The real glory of PHP scripts is how they integrate the MySQL information into the web page. They are the bridge between the two technologies. There are other technologies that also do the same job but PHP is easy to learn and very powerful.

PHP code is the bridge that brings information from your data base and makes it dynamic on your web page. It is an interpreted scripting language that produces web pages. It is a server side When a request is sent to the web site, the script is interpreted at the host computer. Your user never sees the php code, only the web page.

Javascript is another scripting language for dynamic web pages. Javascript lives on the client computer. When the page loads into your browser, the web browser interprets the script as it builds the page. Javascript is used for validation prior to sending the form to the server.

There is a new technology that integrates both of them together very nicely called AJAX. You see AJAX in action when you type into the google search bar.

One of the things PHP scripts do is help automate the process of getting MySQL information back to the user. MySQL is a powerful database language, but you don't want casual users of your web site putting there own things into it, and aspects of it are not friendly to the casual user. For instance, on the first page of this website, we have a small search field, so that you can find a book by author or title when you know just a small bit of either piece of information.

Search Here

The script sends two queries to the data base, then prints them in order. Lets look at them. The first thing to notice is that the user enters in the search string, which the script evaluates and then sends to the MySQL engine. I am going to use the search string "West." Here is one of the two MySQL statements:

mysql> select books.title as title, 
concat(authors.efname,' ',authors.elname) as scribe,
Topics.topic as subject from books
inner join bookswritten using(book_id)
inner join authors using(writer_id)inner 
join Topics using(Topic_id) where 
authors.elname like "West%"
order by authors.elname, books.title;
+----------------+-----------------+--------------+
| title          | scribe          | subject      |
+----------------+-----------------+--------------+
| High Adventure | Donald Westlake | Romance      | 
| Humans         | Donald Westlake | Fantasy      | 
| Kahawa         | Donald Westlake | Spy Thriller | 
| Why me?        | Donald Westlake | Mystery      | 
+----------------+-----------------+--------------+

The script permits us to automate the whole of the request. I think a lot of us faced with trying to enter that MySQL request into the computer to get the information would rather just wander the shelves on the off chance of finding what they are looking for. The script makes finding the information a lot faster.
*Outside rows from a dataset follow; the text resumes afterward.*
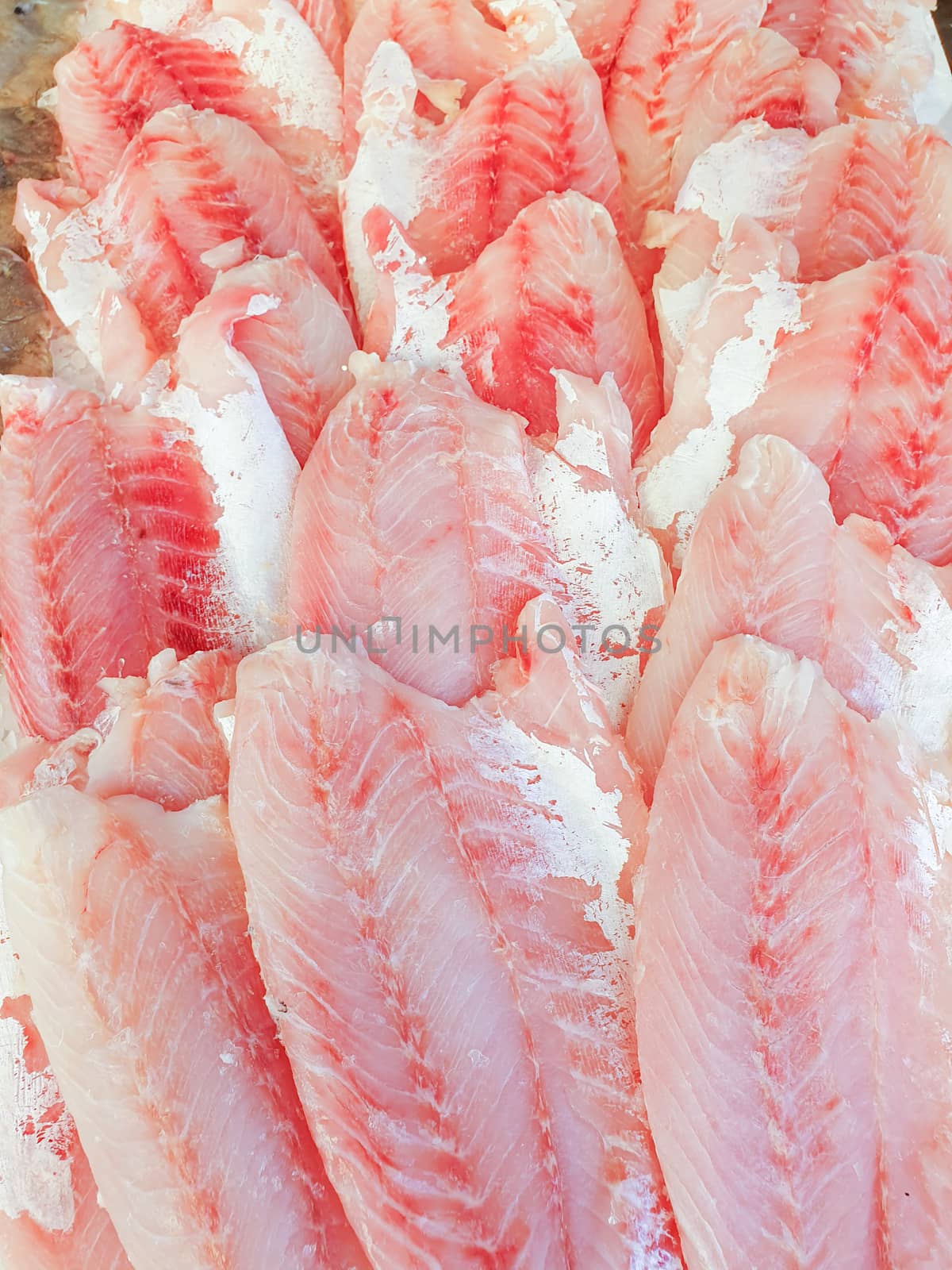 African perch fillet on ice for sale, Fish local market stall with fresh water fish,view from top.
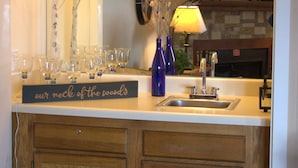 A kitchen with a wooden cabinet, a sink, and a decorative tree with lights.
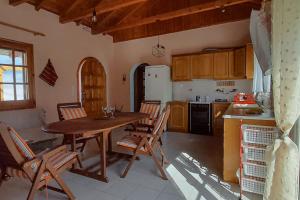 a kitchen with a wooden table and chairs in a kitchen at Tranquility Base in Neapoli Voion +45 photos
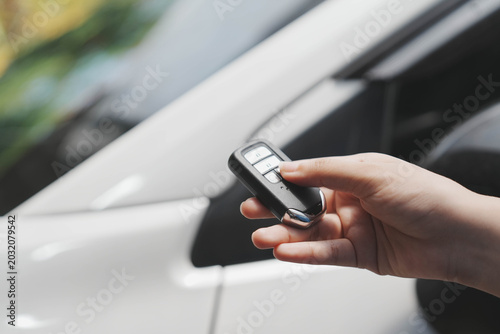 Foto Close-up of hand holding car key fob near white vehicle door, pressing remote button for locking or unlocking, shallow depth of field, modern transport and security concept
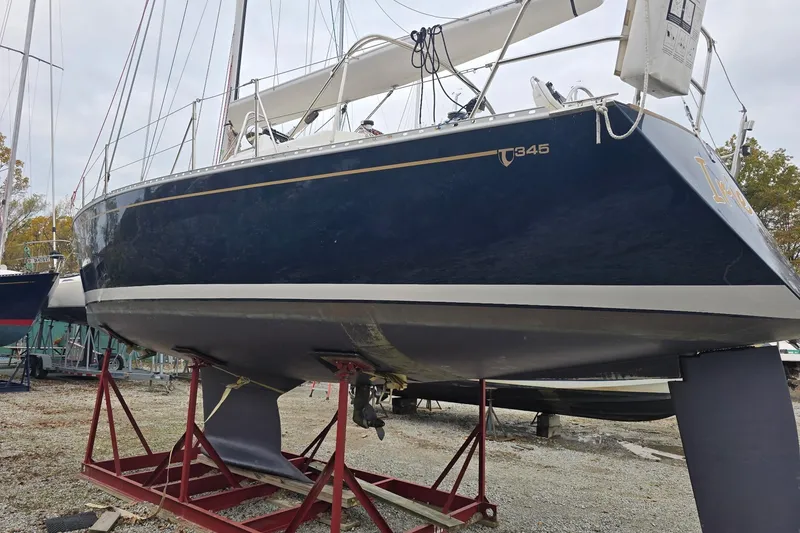 Slide: The Image of Sailboat Tartan 345, 2018 model, on dry dock with visible keel and hull. - 4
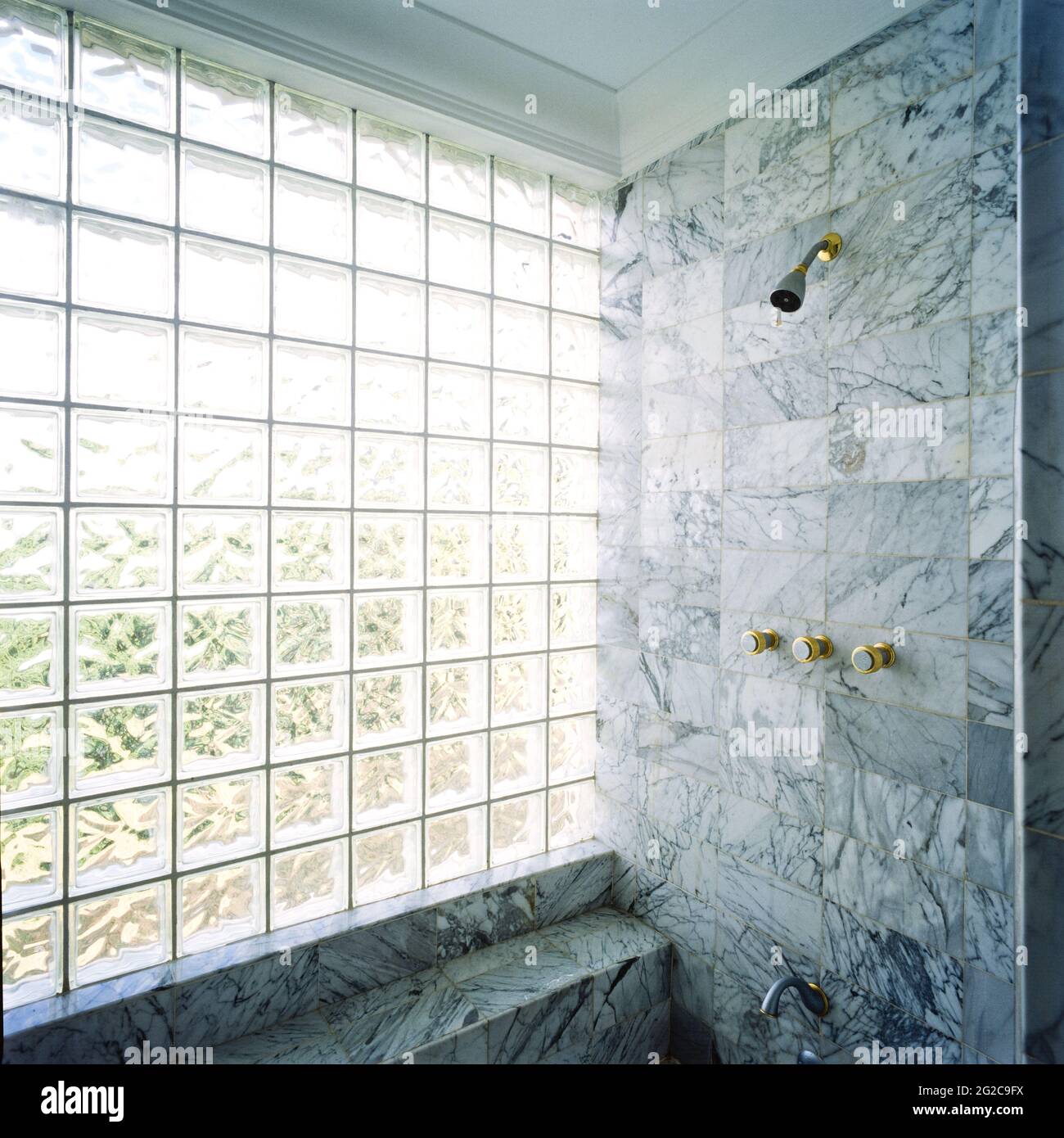 Glass tiled window by shower Stock Photo - Alamy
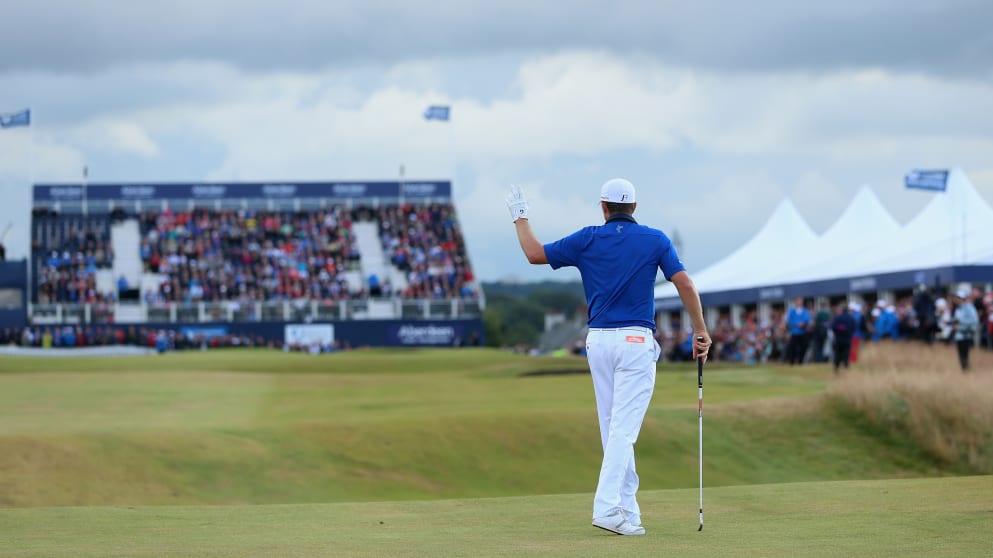 Justin Rose hits his second shot on the 18th hole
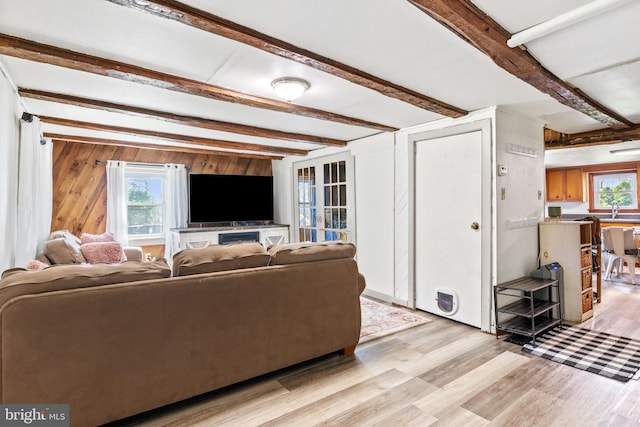 living room with wood walls, beam ceiling, and light wood-type flooring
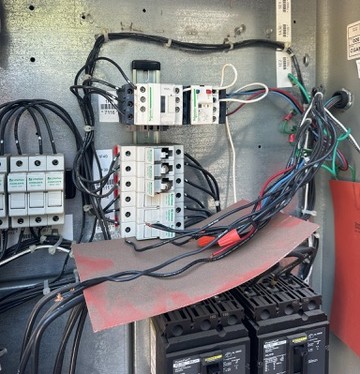 Commercial HVAC technician inspecting control wiring in Dallas Fort Worth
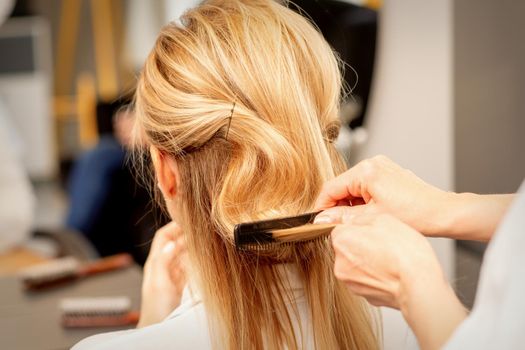 A hairdresser is combing female hairstyling in a hairdressing beauty salon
The particular script here looks for both title and author information. This script does two MySQL requests, one for author's last names that start with a particular string or set of letters, and the other which searches for that string anywhere in the title.

Among other great features of scripting languages is that they can integrate together. A web page will often have several different scripts woven together. There will be jave scripts and PHP scripts interspersed in the HTML as the need arises.